→ Work request
Please reproduce the following records exactly as they appear.

→ Exercise materials
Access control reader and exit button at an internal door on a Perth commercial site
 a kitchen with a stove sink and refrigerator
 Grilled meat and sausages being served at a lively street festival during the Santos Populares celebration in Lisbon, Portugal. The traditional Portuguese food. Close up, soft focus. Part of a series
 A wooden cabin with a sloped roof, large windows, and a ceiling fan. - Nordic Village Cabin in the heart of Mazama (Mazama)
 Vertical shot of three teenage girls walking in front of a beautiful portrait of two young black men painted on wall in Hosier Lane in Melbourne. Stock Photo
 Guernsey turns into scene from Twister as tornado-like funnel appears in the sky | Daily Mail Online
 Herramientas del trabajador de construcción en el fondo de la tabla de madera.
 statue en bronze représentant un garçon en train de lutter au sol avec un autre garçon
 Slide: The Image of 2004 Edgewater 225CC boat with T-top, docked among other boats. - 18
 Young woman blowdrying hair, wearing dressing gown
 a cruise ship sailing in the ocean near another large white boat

→ Your response
Access control reader and exit button at an internal door on a Perth commercial site
 a kitchen with a stove sink and refrigerator
 Grilled meat and sausages being served at a lively street festival during the Santos Populares celebration in Lisbon, Portugal. The traditional Portuguese food. Close up, soft focus. Part of a series
 A wooden cabin with a sloped roof, large windows, and a ceiling fan. - Nordic Village Cabin in the heart of Mazama (Mazama)
 Vertical shot of three teenage girls walking in front of a beautiful portrait of two young black men painted on wall in Hosier Lane in Melbourne. Stock Photo
 Guernsey turns into scene from Twister as tornado-like funnel appears in the sky | Daily Mail Online
 Herramientas del trabajador de construcción en el fondo de la tabla de madera.
 statue en bronze représentant un garçon en train de lutter au sol avec un autre garçon
 Slide: The Image of 2004 Edgewater 225CC boat with T-top, docked among other boats. - 18
 Young woman blowdrying hair, wearing dressing gown
 a cruise ship sailing in the ocean near another large white boat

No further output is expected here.